Organizations with a mechanistic structure are best characterized by rigid departmentalization, numerous layers of management (particularly middle management), and a relatively high degree of job specialization.
Understanding a mechanistic organizational structure
The mechanistic organizational structure describes any company with divisions between departments, centralized authority, and specialized but independent roles.
These companies share similar traits with a traditional bureaucracy where a clear and distinct chain of command is responsible for business operations management.
The idea behind a mechanistic structure originated from Max Weber, a German sociologist and political economist who was active in the late 1800s and early 1900s as the industrial revolution started to take hold.
Weber, like many of his counterparts, studied workplaces to come up with solutions that would make them more efficient and productive.
Based on observation of numerous organizations, Weber determined the elements common to each to form a basic idea of the ideal structure. However, it would not be until 1961 that the concept was formally described.
In their book The Management of Innovation, British theorists Tom Burns and George Macpherson Stalker defined a mechanistic organization as one with a significant degree of three dimensions: formalization, centralization, and complexity.

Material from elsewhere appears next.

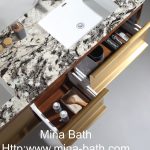 Luxury Stone Bathroom Countertop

Burns and Stalker’s three dimensions
Let’s take a moment to explain the three dimensions of mechanistic structure in more detail:
Pocedures, processes, and practices are followed to the letter, and communication sticks to formal channels.
Job descriptions clearly delineate roles and responsibilities and low-level employees have little to no contact with those above them.
Power is concentrated within senior-level management.
Directives flow down a clear chain of command to lower-level managers and subordinates.
Mechanistic organizations tend to have more levels of management with numerous middle-level managers.
Complexity is also added from member-task specialization.
Advantages of the mechanistic structure
The formality of a mechanistic organization means operations remain more or less the same over time.
Organizations and employees alike can benefit from processes that are known quantities and deliver consistent results.
Low task differentiation
Since every role, task, and procedure within the company is clearly defined, employees understand what is expected of them from their superiors.
Companies like McDonald’s use aspects of mechanistic structure to maximize efficiency and minimize cost.
The fast food company’s highly formalized jobs, clear lines of communication, and detailed job descriptions enable it to produce a uniform product across its thousands of restaurants.
Disadvantages of the mechanistic structure
Mechanistic organizations tend to be rigid and inflexible, which makes them unsuited to dynamic industries where flexibility and adaptability are crucial.
The centralization of a mechanistic structure means that some senior managers will find themselves involved in the minutiae of day-to-day operations.
This can cause them to become overloaded with unnecessary work.
Lack of creativity
While the formalized structure delivers consistency and proven results, this often comes at the expense of employee motivation.
When employees are unable to solve problems creatively and are required to follow the same procedures every day, they may become disengaged from the work.
- Organizations with a mechanistic structure are best characterized by rigid departmentalization, numerous layers of management (particularly middle management), and a relatively high degree of job specialization.
- British theorists Tom Burns and George Macpherson Stalker defined a mechanistic organization as one with a significant degree of three dimensions: formalization, centralization, and complexity.
- Mechanistic organizational structures tend to yield stable organizations where every employee knows what is expected of them. However, their rigidity means they are not suited to dynamic industries, and senior-level managers may find themselves unnecessarily distracted with tasks better delegated to others.